José Antonio, 44 años, seis ingresos previos al sistema penitenciario, tres por delitos contra la salud, dos por robo, uno por encubrimiento. un hombre que conocía el sistema desde adentro y que creía con razón aparente que eso lo hacía más difícil de atrapar. Su decisión fue consolidar, unificar, mover todo el producto que antes rotaba entre tres puntos de distribución distintos hacia un solo inmueble.

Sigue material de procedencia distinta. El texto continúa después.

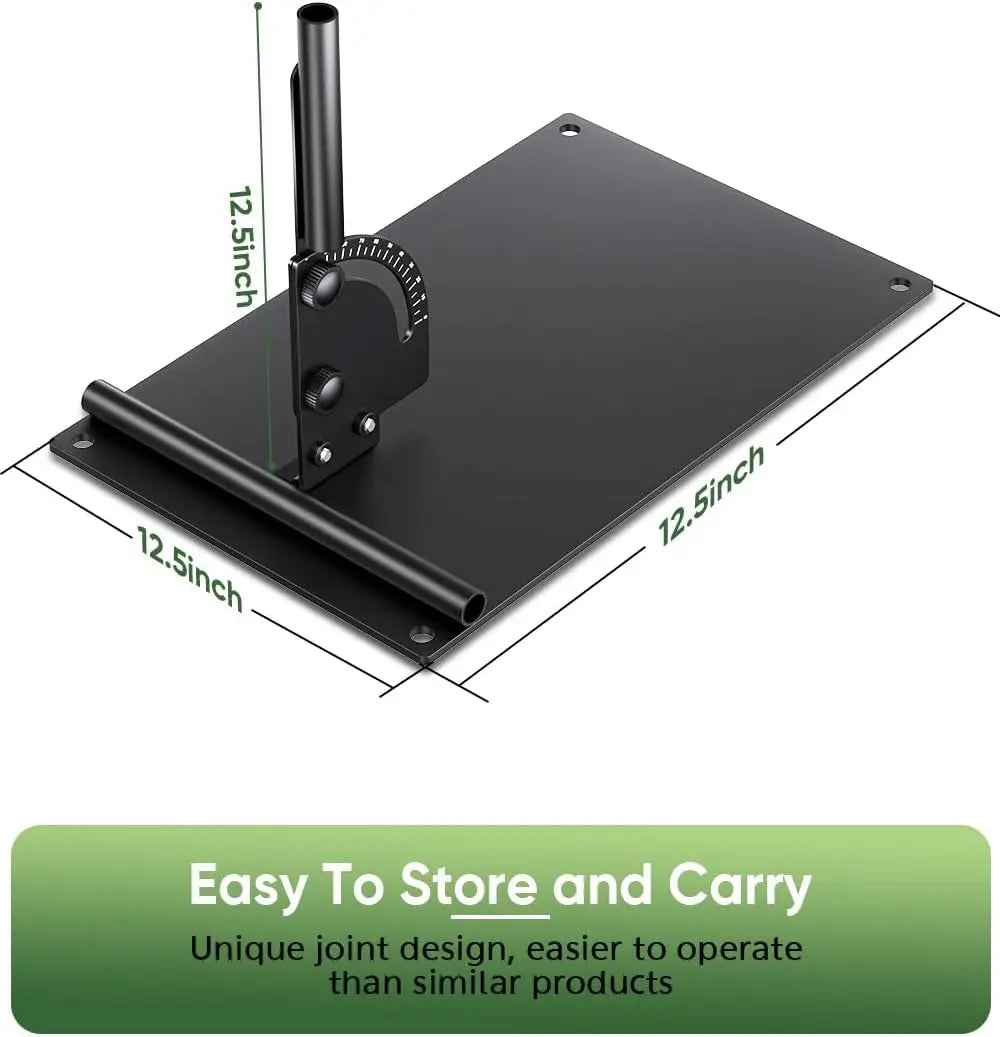 Jsikan Pro Golf Alignment Sticks System with Holder Angle Plate, Golf Trainer Aid Teaching Equipment for Aiming, Putting, Swing, Essentials Golf Gifts Accessories for Men and Women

 El andador Eusebio Guajardo en la colonia San Miguel. Menos movimiento, menos exposición, más control, así lo razonó. Lo que el Popelleye no calculó fue que centralizar el flujo triplicó el tráfico de personas en ese andador. Visitas que llegaban a distintas horas, caras nuevas que los vecinos no reconocían, movimientos que no correspondían con ningún negocio visible.

 Las denuncias ciudadanas empezaron a llegar a la fiscalía en menos de una semana. El segundo error lo cometió Donovan 10 días antes, 20 años. El más joven del trío y en consecuencia el más confiado. Donovan Antoine empezó a usar el mismo número de teléfono para dos mundos que nunca debieron tocarse.

 Las coordinaciones de entrega del punto de venta y los contactos en los eventos de regularización del transporte informal. eventos donde sin que él lo supiera, ya había agentes de inteligencia encubiertos mezclados entre los asistentes. El número fue interceptado el 24 de mayo a las 11:47 horas. En esa llamada, Donovan mencionó una dirección.

Habló en clave, creyendo que eso era suficiente. La analista que transcribió la llamada tardó 4 minutos en decodificarla. Lo que Donovan no sabía era que esa llamada acababa de convertir una investigación de gabinete en una operación de campo activa. El tercero lo cometió Fabiola. La noche del operativo, 40 años, un ingreso previo al sistema penitenciario por delitos contra la salud.

 La operadora logística, la que coordinaba tiempos, cantidades, movimientos. Fabiola recibió un cargamento mayor al habitual 4 horas antes del cateo, producto que debía redistribuirse al día siguiente hacia tres puntos distintos de la alcaldía. La decisión lógica, la decisión eficiente fue almacenarlo todo en el inmueble del andador y mover todo junto en la mañana.